Recently, the American Society of Anesthesiologists (ASA) approved patient decision aids for epidural and spinal anesthesia as well as peripheral nerve blocks.6 These aids are available for all ASA members to incorporate into their practice. They are written at an appropriate literacy level and provide unbiased information on risks and benefits of the procedures. Within the regional community, it has been shown that risk disclosure for regional anesthesia varies amongst practitioners.7 Therefore, it may benefit both physicians and patients to develop a consensus for consent practices with guidelines regarding risk disclosure for specific blocks or procedures. Another consideration is the actual consent form. Depending on your institution, if a generic surgical consent does not discuss the risks adequately, it may be prudent to develop a separate consent for both general and regional anesthesia.
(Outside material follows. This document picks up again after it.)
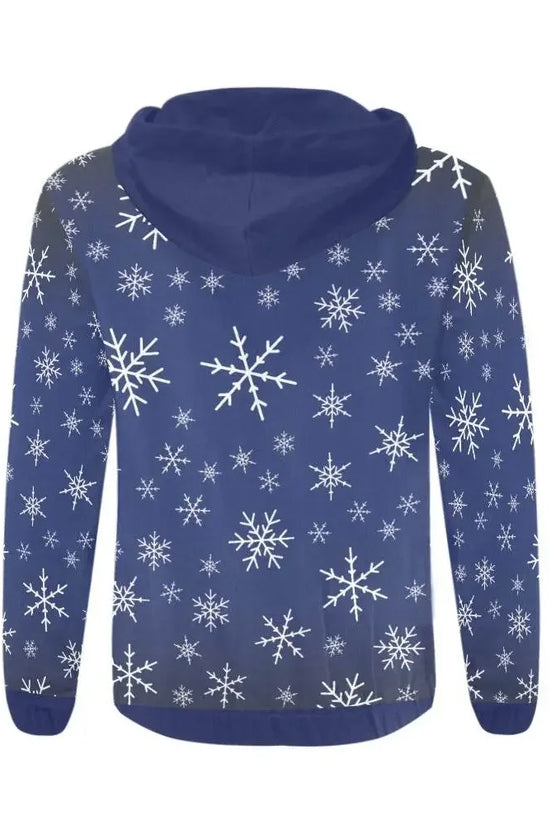 Snowy Full Zip Navy Hoodie - IVORYNN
In summary, informed consent is a crucial part of patient care from both ethical and legal standpoints. It is therefore important to know state statutes and policies of your home institution. It is crucial to document your assessment of patient capacity and your consent process. Ultimately, spending adequate time with your patients, treating them sensitively and compassionately, and allowing them to take part in the decision-making process will lead to improved satisfaction for both parties as well as improved outcomes.

REFERENCES

  1. Beauchamp TL, Childress JF. Principles of Biomedical Ethics. New York: Oxford University Press;2009.
  2. Appelbaum PS. Assessment of patients’ competence to consent to treatment. N Engl J Med. 2007;357(18):1834–1840.
  3. Appelbaum PS, Grisso T. Assessing patient’s capacities to consent to treatment. N Engl J Med. 1998;25:1635–1638.
  4. DeMartino ES, Dudzinski DM, Doyle CK, et al. Who decides when a patient can’t? Statutes on alternate decision makers. N Engl J Med. 2017;376(15):1478–1482.
  5. Studdert, D, Mello M, Levy M, et al. Geographic variation in informed consent law: two standards for disclosure of treatment risks. J Empir Leg Stud. 2007;4(1):103–124.
  6. Domino KB, Posner KL, Sween LK, Shapiro FE. Improving patient-centered care delivery in 2017: introducing pre-anesthesia decision aids. ASA Newsletter. 2017;81(5):10–13.
  7. Brull R, McCartney CJ, Chan VW, et al. Disclosure of risks associated with regional anesthesia: a survey of academic regional anesthesiologists. Reg Anesth Pain Med. 2007;32(1):7–11.